For those who do not have a knowledge of the clearances, they were forced displacements of the population of the Scottish Highlands during the 18th and 19th centuries that led to mass emigration to the Scottish Lowlands, coast and the North American colonies.
The clearances were part of a process of agricultural change throughout the UK but were particularly notorious due to the late timing, the lack of legal protection for year-by-year tenants under Scottish law, and the abruptness of the change from the traditional clan system and the brutality of many evictions.
The reality of the highland clearances can still be seen today in the remains of burned out, blackened houses, frequently comprising of whole villages and settlements standing as a testament to the greed of the few in hurting the many.
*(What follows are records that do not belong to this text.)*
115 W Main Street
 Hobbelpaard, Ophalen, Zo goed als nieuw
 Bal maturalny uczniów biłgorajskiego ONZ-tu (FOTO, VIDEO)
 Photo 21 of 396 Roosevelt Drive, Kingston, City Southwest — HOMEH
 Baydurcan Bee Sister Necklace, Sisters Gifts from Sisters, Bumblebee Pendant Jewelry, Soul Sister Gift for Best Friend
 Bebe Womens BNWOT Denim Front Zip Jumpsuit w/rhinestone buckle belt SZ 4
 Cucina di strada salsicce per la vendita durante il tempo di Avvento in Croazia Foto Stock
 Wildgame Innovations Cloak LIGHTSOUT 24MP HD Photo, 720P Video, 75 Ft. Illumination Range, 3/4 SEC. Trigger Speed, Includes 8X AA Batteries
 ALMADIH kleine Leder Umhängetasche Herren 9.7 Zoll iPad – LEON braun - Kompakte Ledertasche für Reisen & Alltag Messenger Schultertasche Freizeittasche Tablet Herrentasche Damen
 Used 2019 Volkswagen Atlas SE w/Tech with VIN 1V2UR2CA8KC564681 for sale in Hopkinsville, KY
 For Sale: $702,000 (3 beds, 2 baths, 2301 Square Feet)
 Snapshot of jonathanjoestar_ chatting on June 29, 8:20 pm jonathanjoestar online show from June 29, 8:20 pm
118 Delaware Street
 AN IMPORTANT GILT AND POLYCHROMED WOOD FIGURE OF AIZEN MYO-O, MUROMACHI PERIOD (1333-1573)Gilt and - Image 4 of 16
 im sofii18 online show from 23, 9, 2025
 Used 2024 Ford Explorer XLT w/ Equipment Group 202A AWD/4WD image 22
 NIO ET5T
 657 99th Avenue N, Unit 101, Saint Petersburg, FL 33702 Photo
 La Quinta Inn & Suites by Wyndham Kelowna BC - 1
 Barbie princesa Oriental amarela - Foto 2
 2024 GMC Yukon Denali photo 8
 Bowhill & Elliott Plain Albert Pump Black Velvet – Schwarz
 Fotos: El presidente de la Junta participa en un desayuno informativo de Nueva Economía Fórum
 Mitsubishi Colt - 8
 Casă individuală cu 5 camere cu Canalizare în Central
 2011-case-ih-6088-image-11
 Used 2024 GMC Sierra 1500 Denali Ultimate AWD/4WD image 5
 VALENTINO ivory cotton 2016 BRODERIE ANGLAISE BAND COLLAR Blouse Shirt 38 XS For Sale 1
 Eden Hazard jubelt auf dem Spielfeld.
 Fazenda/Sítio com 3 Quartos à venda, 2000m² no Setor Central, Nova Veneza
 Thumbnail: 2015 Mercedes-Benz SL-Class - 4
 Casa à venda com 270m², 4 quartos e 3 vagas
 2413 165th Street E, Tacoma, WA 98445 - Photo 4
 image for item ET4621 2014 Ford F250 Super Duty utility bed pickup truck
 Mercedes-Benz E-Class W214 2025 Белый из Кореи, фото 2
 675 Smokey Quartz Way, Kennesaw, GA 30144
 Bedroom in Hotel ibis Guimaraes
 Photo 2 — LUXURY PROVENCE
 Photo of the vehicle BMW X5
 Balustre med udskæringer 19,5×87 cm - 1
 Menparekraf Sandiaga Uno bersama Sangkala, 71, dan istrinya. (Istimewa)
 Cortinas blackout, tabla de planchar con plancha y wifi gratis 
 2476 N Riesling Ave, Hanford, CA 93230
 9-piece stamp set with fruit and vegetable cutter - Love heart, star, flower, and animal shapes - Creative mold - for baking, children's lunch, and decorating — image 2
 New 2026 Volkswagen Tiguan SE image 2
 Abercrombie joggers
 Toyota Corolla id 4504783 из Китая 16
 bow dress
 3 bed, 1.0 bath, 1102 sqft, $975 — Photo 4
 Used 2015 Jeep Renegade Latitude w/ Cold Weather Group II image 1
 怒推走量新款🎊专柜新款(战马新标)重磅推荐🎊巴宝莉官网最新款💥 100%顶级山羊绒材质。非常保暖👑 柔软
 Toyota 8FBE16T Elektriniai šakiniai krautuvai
It is worth remembering, too, that while the rest of Scotland was permitting the expulsion of it’s Highland people, it’s ruling classes were forming the romantic attachment to kilt and tartan that scarcely compensates for the disappearance of a Highland race to whom such things were once a commonplace reality.
The chiefs remained in Edinburgh and London, but the people had gone.
We now have confirmed that as at the 11th February 2016 the number of level 4 qualified advisers in the UK is 29,144.
In January 2006 FT Adviser also notes from an FOI request that adviser numbers stood at 105,710
Some 75% of experienced financial advisers who could have helped provide valuable advice capacity have simply disappeared from the register since 2006.
With all this in mind, it was with some interest that I re-read an article from 23 November 2010 reporting that (according to the now knighted ‘Sir’ Hector Sants) “losing up to 20 per cent of IFAs was an acceptable cost in order to deliver the specific improvements brought in by the RDR, according to the FSA”.
In giving evidence to the Treasury select committee, the yet to be knighted Hector Sants said, “If the reduction in advisers was not acceptable the reforms would not be going ahead”.
To top this, it was reported that Lord Turner reckoned that a “reduction could be good news for consumers who may see a reduction in administrative costs”.
He said: “Some exit of “capacity” from the industry which is therefore an exit of administrative cost may be in the interest of consumers, it a cost which is being absorbed.”
What he actually meant was job losses, certainly not FSA or FCA job losses or cost reductions.
And along with the loss of livelihood for advisory firm staff, provider staff and paraplanners, we are now seeing the results of the ‘survival segmentation’ manifesting itself in consumer disenfranchisement- the unintended but sadly expected outcome of RDR.
The ‘new-speak’ use of words like “capacity” is a nicer, less disturbing way to describe casualties of the unintended or perhaps intended consequences of poorly thought out regulation? ‘Capacity’ is an FCA use of language, equivalent to ‘friendly fire’ or blue on blue’ instead of saying ‘shot by your own side’ or ‘rendition’ instead of state sponsored kidnap.
Those advisers who have survived RDR have built, grown and now transitioned some great businesses. This has taken many challenging years of serving their clients very well to achieve.
But will Andrew Bailey give this very simple thought some consideration,?
Fewer firms having to pay ever more in regulatory fees and levies (despite the logic that fewer firms to regulate should cost less) will see the those surviving financial advisory firms driven out of business as the regulatory cost to run them becomes prohibitive to all…… except the banks.
Rather like those Highland Clearances is’nt it?